Как хорошо. Как красиво. Как, в самом деле, — медленно. Как из-за этого ф гаснет звук, подобно свету. Говорю же: поэзия есть речь, похожая на свой предмет.
Но Лондон звал твоё внимание.
Лондон звал внимание. Как будто, не знаю, какой-нибудь князь Шаликов сочинял. Подавленный зевок. По плану-то дальше значился Амстердам — но попробуйте выдумать российскому петиметру приличное занятие в Амстердаме. Экскурсия на верфь? Морские ванны? Ужин на мельнице? В Лондоне можно хотя бы сводить его в парламент.
Твой взор
Прилежно разобрал сей двойственный собор:
Здесь натиск пламенный, а там отпор суровый,
Пружины смелые гражданственности новой.
Вот-вот: система сдержек и противовесов.
Скучая, может быть, над Темзою скупой, —
— пустое «может быть» портит строку (и разрубает пополам следующую), зато вносит оттенок документальной достоверности: чужая душа — потёмки, мы просто пересказываем маршрут.
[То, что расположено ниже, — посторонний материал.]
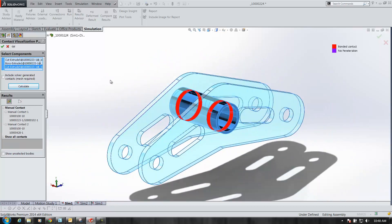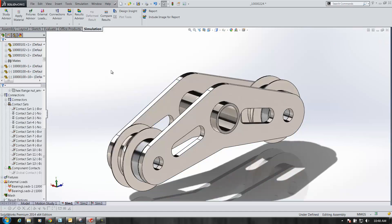A really simple way of determining what contact conditions you have set — or don't have set — in SOLIDWORKS 2014 and beyond simulation. Thanks for watching another GoEngineer quick tip video.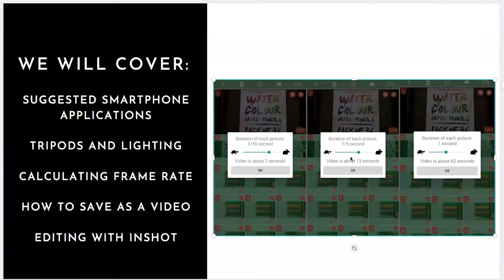You basically take your finger and drag it to the left or drag it to the right and it'll calculate the frame rate and the final length of the video.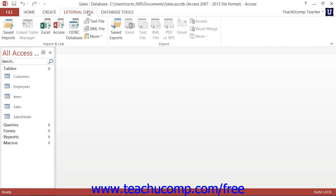To then make a connection to the external data source, click on the button within the import and link group named the import button group in Access 2007 that shows the name of the type of external data to which you are trying to connect.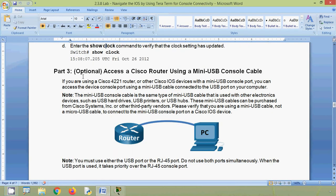Now coming to part three (optional): access a Cisco router using a mini USB console cable. We are going to connect this router to this PC using a mini USB console cable and configure it. If you are using a Cisco 4221 router or other Cisco IOS devices with a mini USB console port, you can access the device console port using a mini USB cable connected to the USB port on your computer.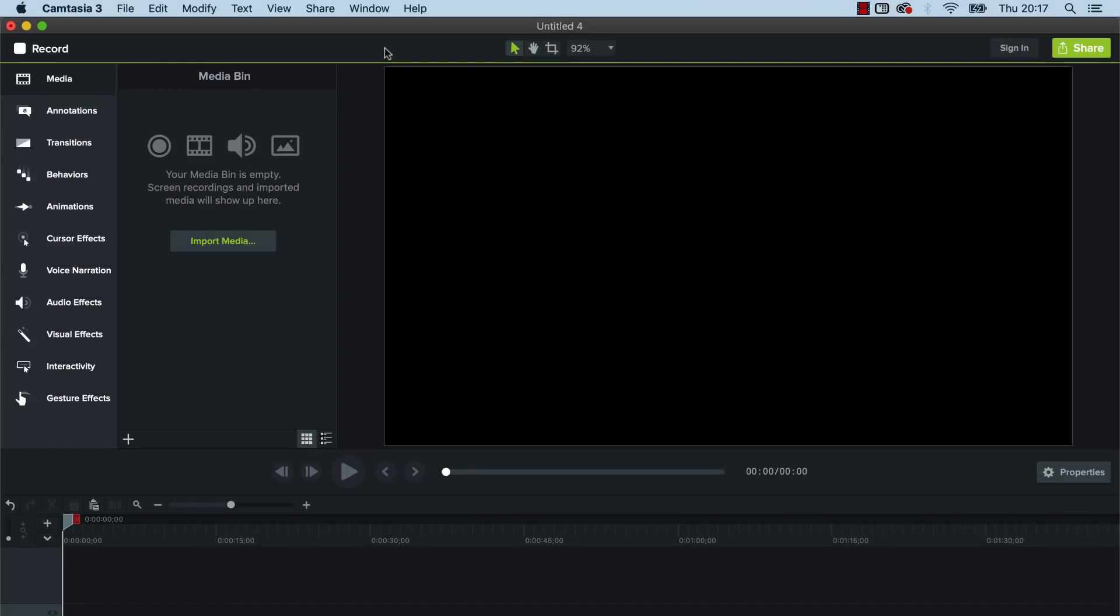So now let's look at creating one of these square letterbox videos. You can see that I'm in Camtasia, this is Camtasia 3, and you can see the video dimensions at the moment, this canvas here is 1920 by 1080, so this is just a typical widescreen video.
Ты думал дале плыть. Услужливый, живой,
Подобный своему чудесному герою,
Весёлый Бомарше блеснул перед тобою.
Он угадал тебя: в пленительных словах
Он стал рассказывать о ножках, о глазах,
О неге той страны, где небо вечно ясно,
Где жизнь ленивая проходит сладострастно,
Как пылкий отрока восторгов полный сон,
Где жёны вечером выходят на балкон,
Глядят и, не страшась ревнивого испанца,
С улыбкой слушают и манят иностранца.
Сам-то Бомарше остался в Англии, поскольку находился в командировке, в качестве спецагента — имея задание кого-то там отравить. Угадал тебя — нельзя, кажется, понять иначе, как: оценил масштаб личности. В терминах более зрелого социализма — прокнокал, что фраер не при делах, политика ему до лампочки, а не терпится попробовать заграничной клубнички. Ну и сплавил его в Испанию: типа там европеянки нежные доступней.
И ты, встревоженный, в Севиллу полетел.
Но тут Пушкину стало совсем скучно. И лень. И некогда.
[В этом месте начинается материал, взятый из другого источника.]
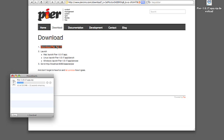The download consists of a zip file that contains the Peer distribution. The current version is 1.0.17. Now we're waiting for the download to complete.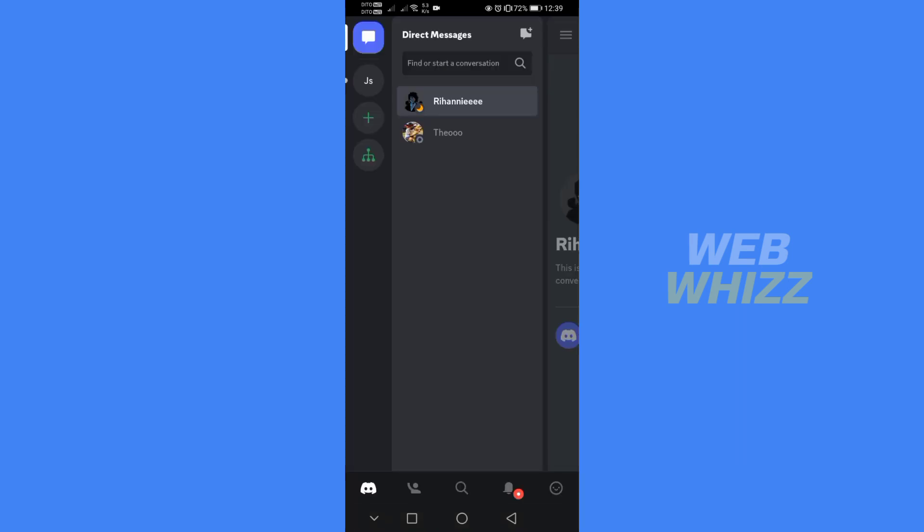The first thing that you need to do is to open your Discord application and register or login with your existing Discord account. And on the Discord homepage, kindly go to Direct Messages.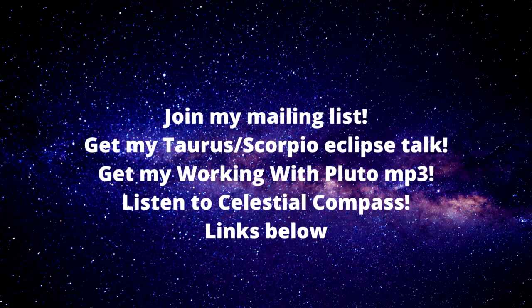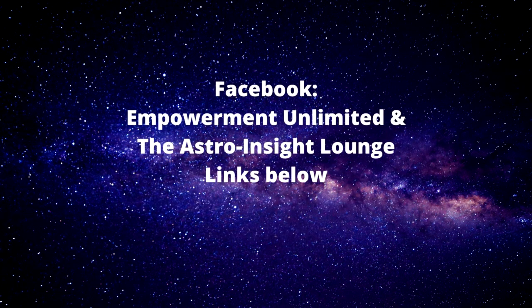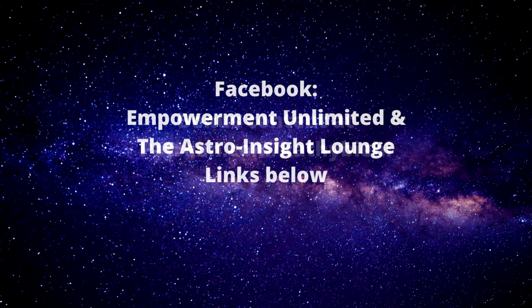And this week, I am talking with Mark Borax about soul-level astrology, which is a technique he has perfected for identifying your life's purpose, and it's absolutely fascinating. I host lively conversation on Facebook at Empowerment Unlimited and the group The Astro Insight Lounge.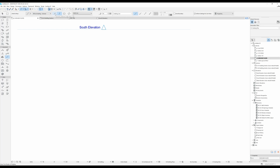First let's talk about the geometry methods. This first geometry method is the simple one where if you do one click and then the other click you're done drawing your line.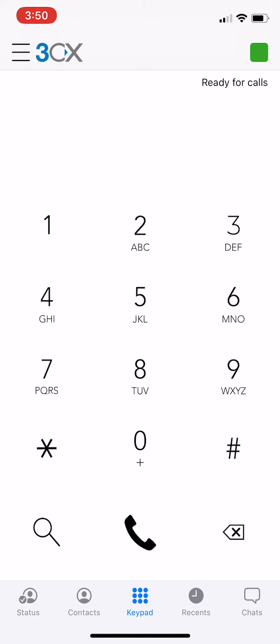Now in the top right hand corner of your app you should see a green box and ready for calls. Your extension is now registered. Thanks for watching.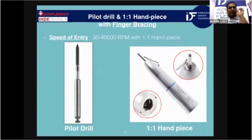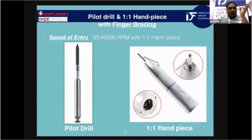Starting with the drilling procedure — first of all, we have to start with a pilot drill using a one-to-one handpiece.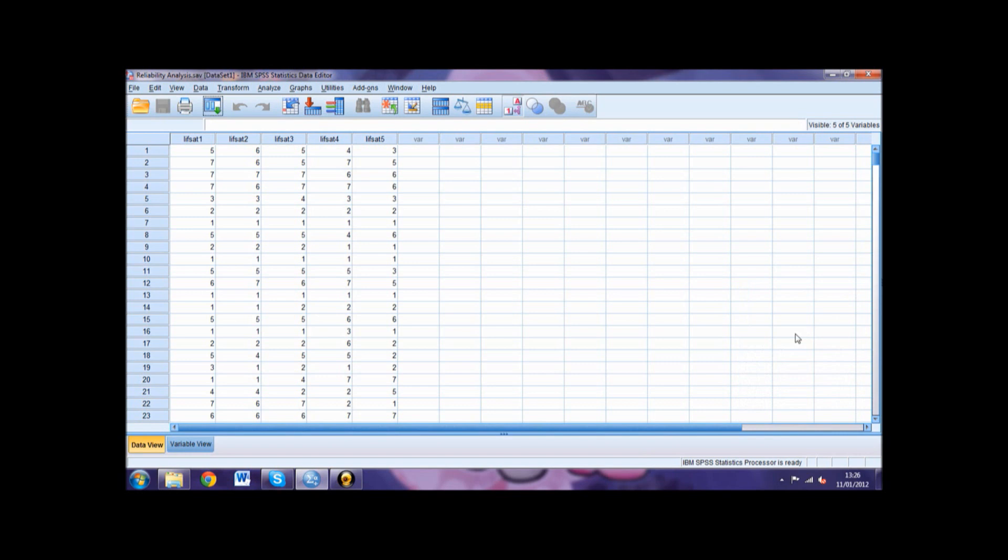The final table on our output is the Scale Statistics. This shows the total mean, variance, standard deviation and number of items in our scale. And that is how you do a reliability analysis in SPSS.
Благословенный край, пленительный предел!
Там лавры зыблются, там апельсины зреют…
О, расскажи ж ты мне, как жёны там умеют
С любовью набожность умильно сочетать,
Из-под мантильи знак условный подавать;
Скажи, как падает письмо из-за решётки,
Как златом усыплён надзор угрюмой тётки;
Скажи, как в двадцать лет любовник под окном
Трепещет и кипит, окутанный плащом.
Семь строк беспримесной халтуры, две последние просто смешны; а до чего фальшив риторический ход — о, расскажи ж; но будем считать, что это проба пера для «Каменного гостя».
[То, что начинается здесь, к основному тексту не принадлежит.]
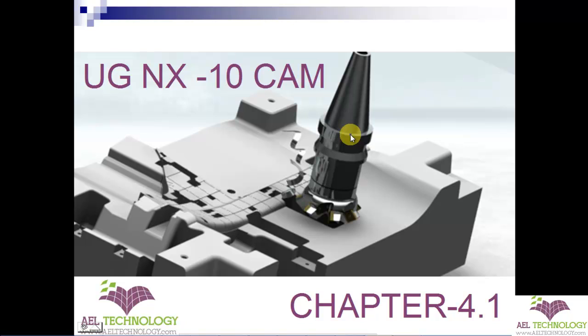Hello, we are in a new session of UG NX 10 CAM. We are in Chapter 4.1.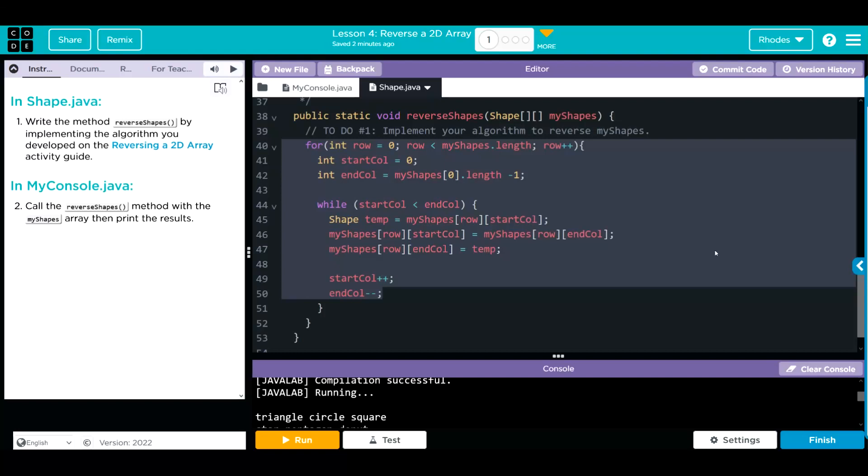Hopefully this video helped you understand how to reverse a 2D array. As always, if you have any questions, come see me. Otherwise, I'll see you on the next video. See you later, kids.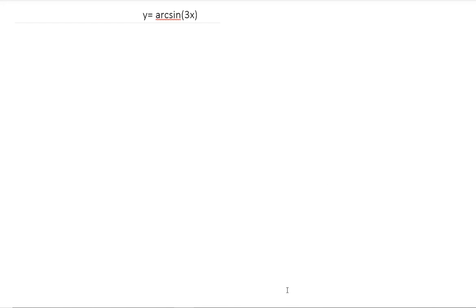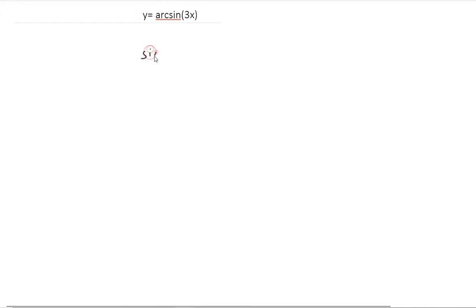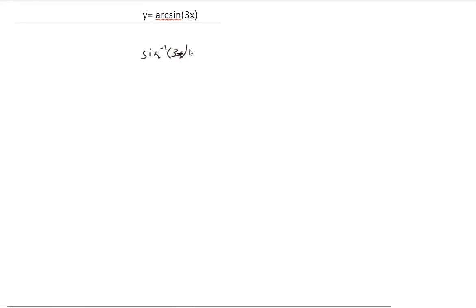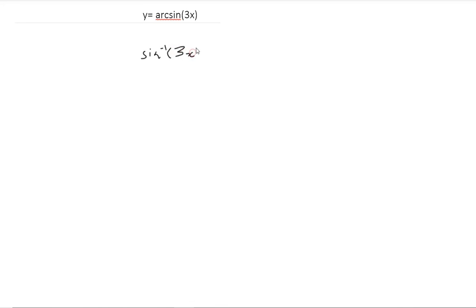Today we're going to be going over inverse trig functions. You can see them written as, for example, arc sine, or you can see it written as sine with a negative one exponent. They mean the same thing — whichever one you use is really just preference, it doesn't matter. So let's go ahead and do some derivatives of inverse trig functions.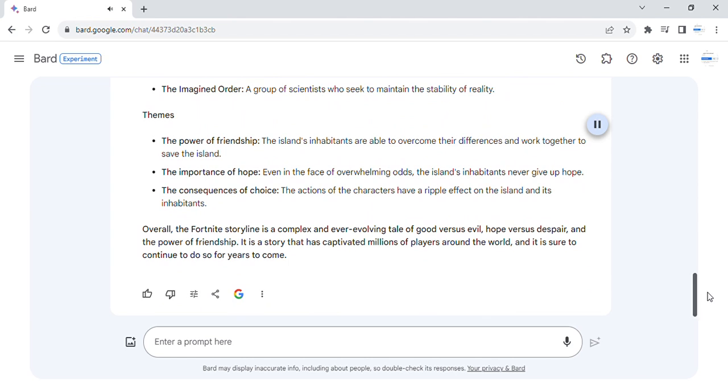Themes. The power of friendship. The island's inhabitants are able to overcome their differences and work together to save the island.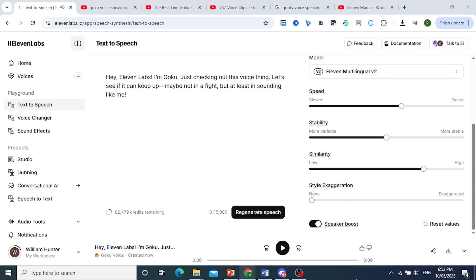Wow, wow, that sounds just like Goku, guys. Check out that link in the description. Try it out for yourself. You can even clone your own voice.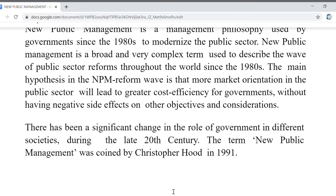There has been a significant change in the role of government in different societies during the late 20th century. New public management was coined by Christopher Hood in 1991. This is also asked as an MCQ in the political science and human rights NET exam.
Вообще надоело. Пора обедать. Что там дальше случилось на Ю*** веку? Великая Французская революция? Пять строк.
Все изменилося. Ты видел вихорь бури,
Падение всего, союз ума и фурий,
Свободой грозною воздвигнутый закон,
Под гильотиною Версаль и Трианон
И мрачным ужасом сменённые забавы.
Наполеоновские войны? Одной строки хватит за глаза:
Преобразился мир при громах новой славы.
И пора подводить положительный итог. Типа: всё прошло, все умерли, а Ю*** как ни в чём не бывало. Как огурчик. И поэтому молодец.
Давно Ферней умолк. Приятель твой Вольтер,
Превратности судеб разительный пример,
Не успокоившись и в гробовом жилище,
Доныне странствует с кладбища на кладбище.
Барон д’Ольбах, Морле, Гальяни, Дидерот,
Энциклопедии скептический причет, —
— чудесная строчка — цикада и сверчок! — и чудесная шутка: вот только что показали издалека группу западных умников (цветные камзолы, яркие жилеты, кружевные жабо), — но не успели мы мигнуть — одним-единственным словцом Пушкин перенёс их на грязную деревенскую улицу в какой-нибудь Кистенёвке: бредут гуськом, подбирая подрясники, — должно быть, по вызову: старуху какую-нибудь отпеть; жаль, Даламбер не поместился в строку; а вот Морле, который практически тут ни при чём, пришелся в самый раз: ямбическая фамилия.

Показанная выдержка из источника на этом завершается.